Work to be completed —
Exactly and only the lines below from the one containing "A young woman lays on her bed alone." down to the one containing "FormLine halter sports" are wanted, both included; please exclude every picture.

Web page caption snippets
▬▬▬

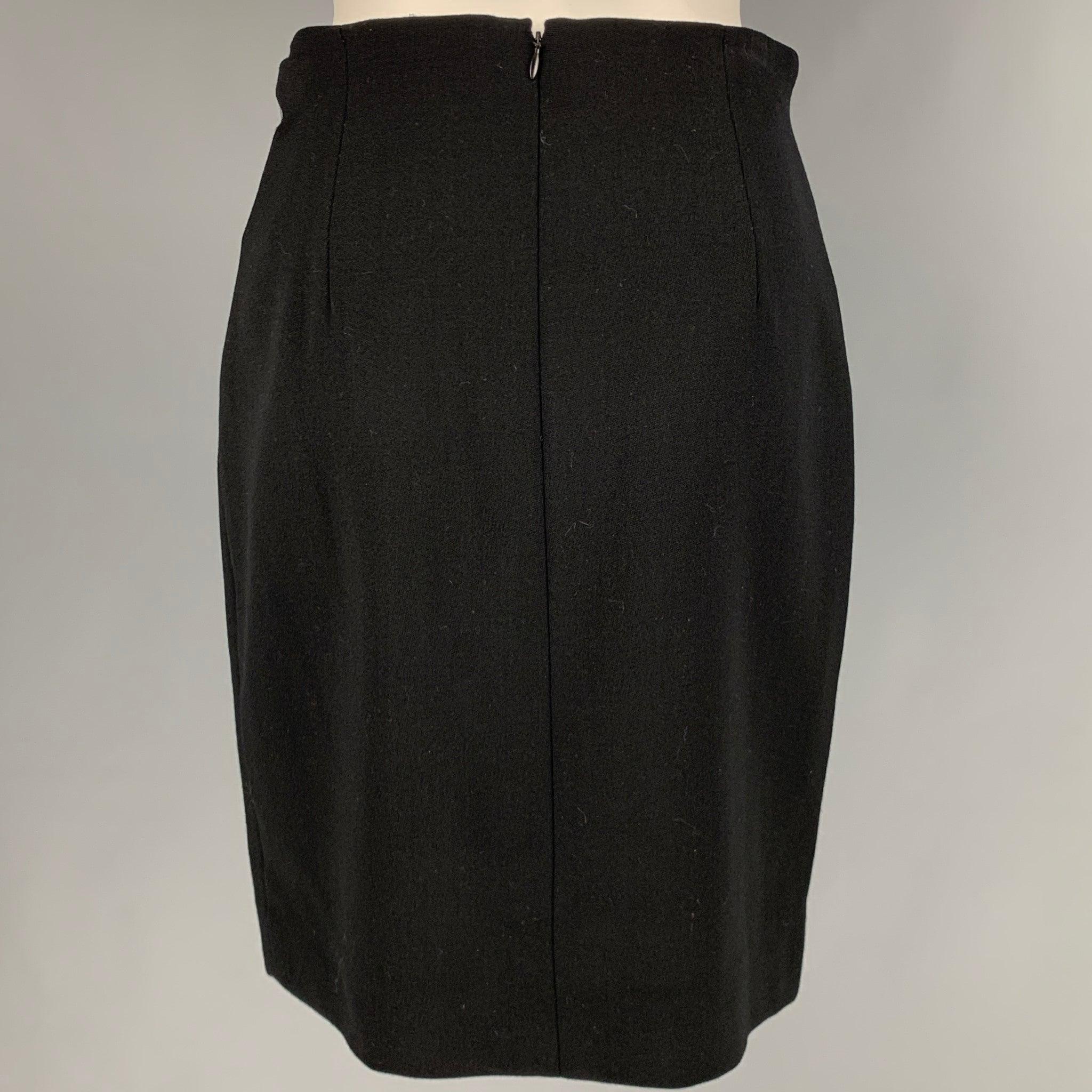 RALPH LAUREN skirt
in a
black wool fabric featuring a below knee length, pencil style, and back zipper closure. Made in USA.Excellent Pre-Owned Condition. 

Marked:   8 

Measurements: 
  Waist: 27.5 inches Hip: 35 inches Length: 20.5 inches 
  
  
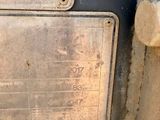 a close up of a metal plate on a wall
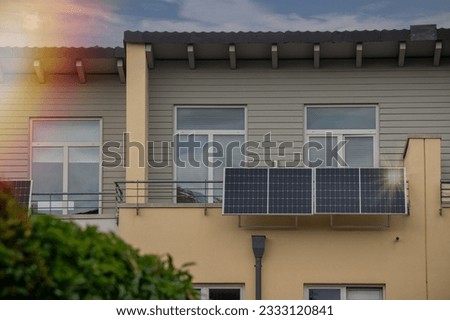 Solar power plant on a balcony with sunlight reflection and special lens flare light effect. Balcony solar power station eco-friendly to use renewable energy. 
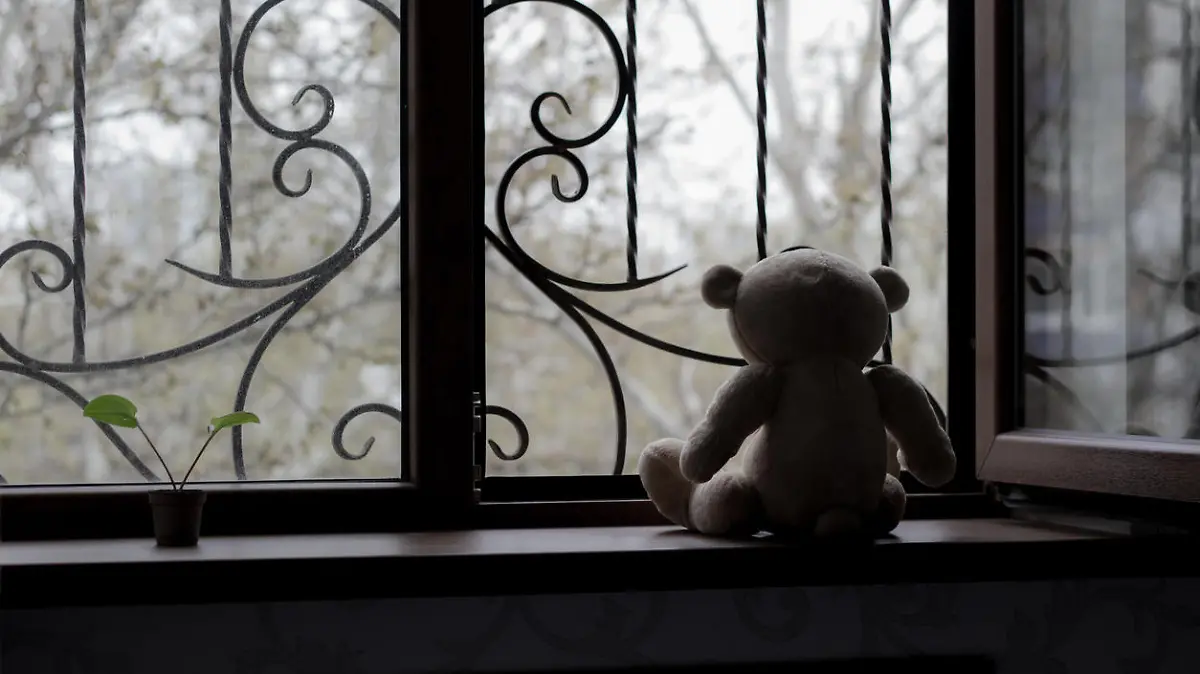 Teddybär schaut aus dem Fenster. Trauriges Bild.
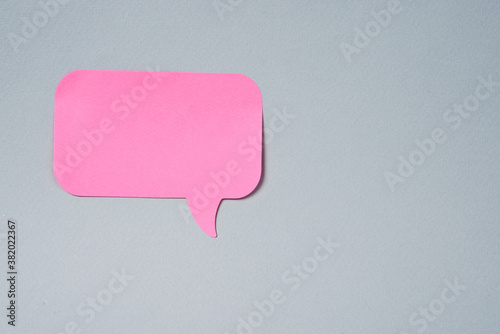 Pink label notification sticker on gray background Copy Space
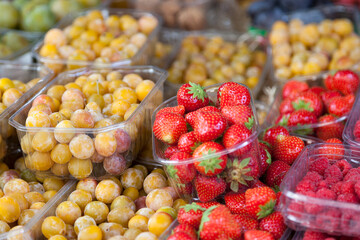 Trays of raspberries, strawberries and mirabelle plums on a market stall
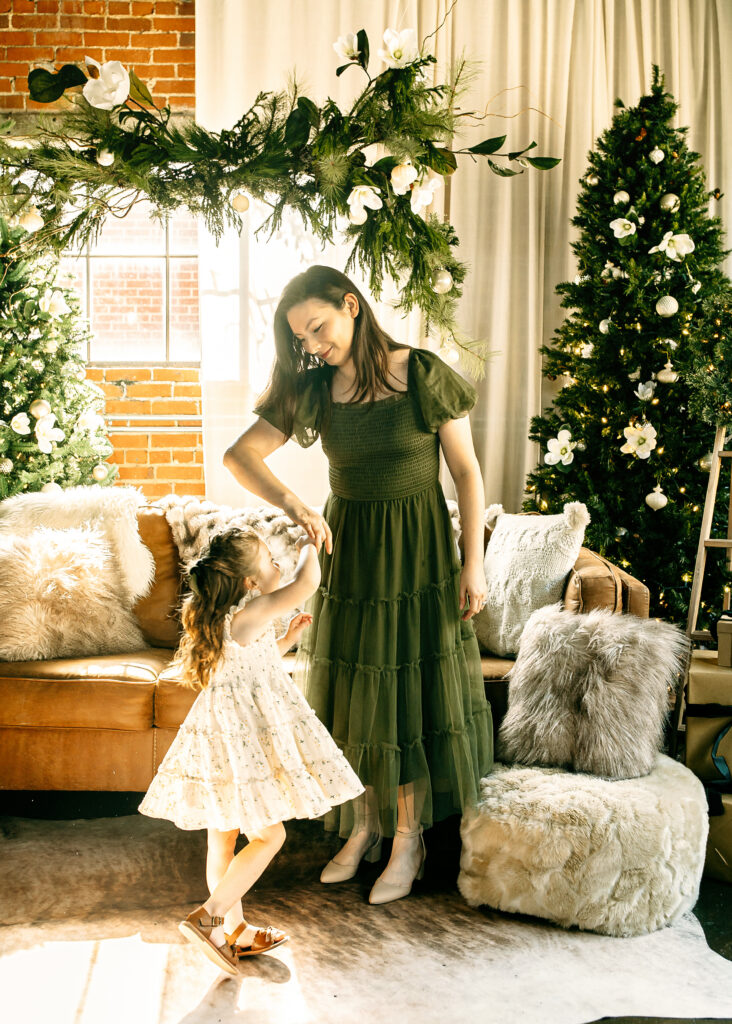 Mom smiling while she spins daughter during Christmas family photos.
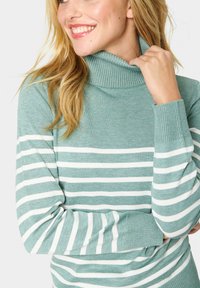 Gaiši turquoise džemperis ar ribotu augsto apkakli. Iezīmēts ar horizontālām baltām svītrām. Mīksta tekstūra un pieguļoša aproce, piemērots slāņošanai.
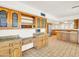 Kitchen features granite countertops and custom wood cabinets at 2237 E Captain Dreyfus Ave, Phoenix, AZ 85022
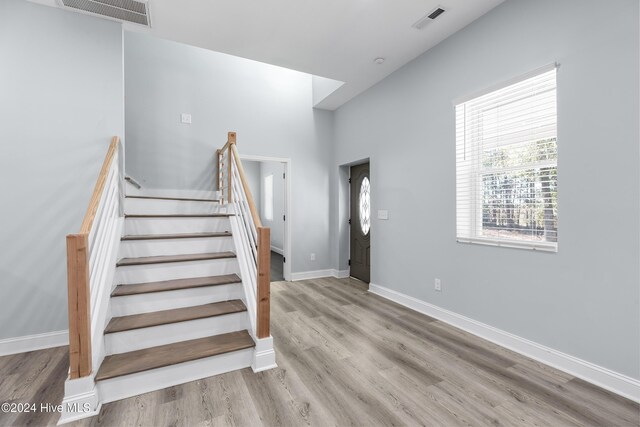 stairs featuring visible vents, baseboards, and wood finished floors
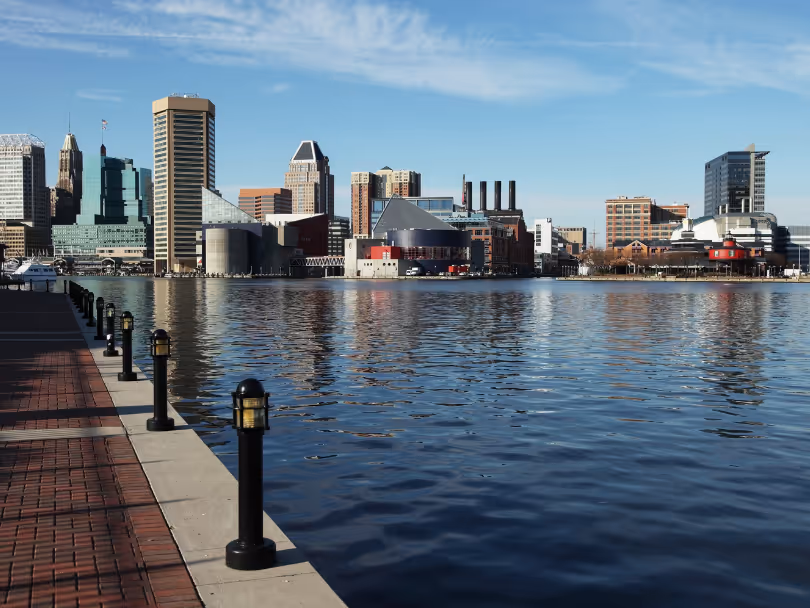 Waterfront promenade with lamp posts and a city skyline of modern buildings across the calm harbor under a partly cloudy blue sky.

▬▬▬

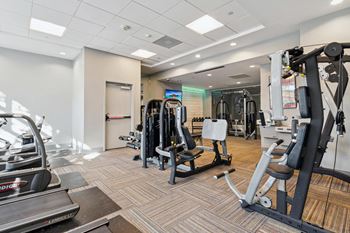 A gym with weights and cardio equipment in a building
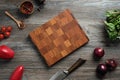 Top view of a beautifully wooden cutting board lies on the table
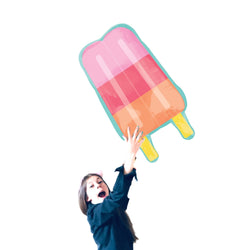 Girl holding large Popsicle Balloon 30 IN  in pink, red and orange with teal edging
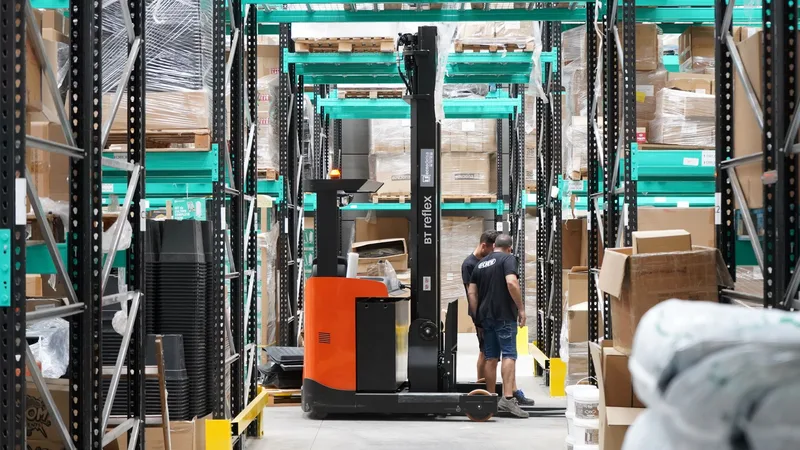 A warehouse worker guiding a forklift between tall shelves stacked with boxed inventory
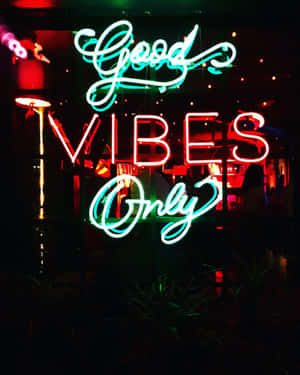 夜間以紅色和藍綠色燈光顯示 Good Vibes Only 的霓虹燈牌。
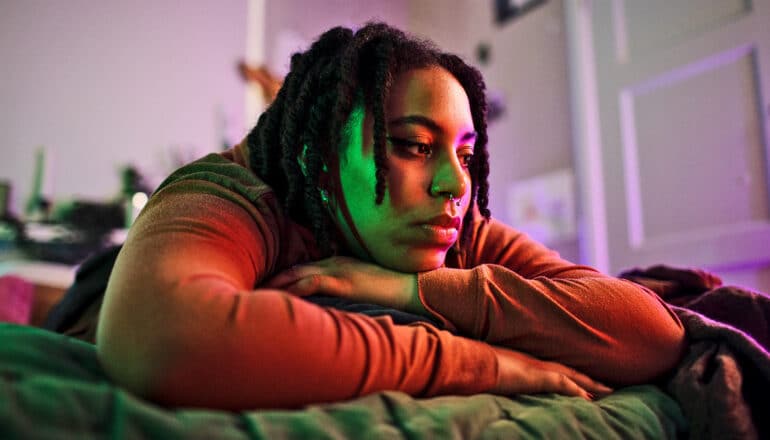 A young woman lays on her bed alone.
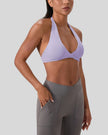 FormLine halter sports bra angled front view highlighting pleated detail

▬▬▬

Response —
 A young woman lays on her bed alone.
 FormLine halter sports bra angled front view highlighting pleated detail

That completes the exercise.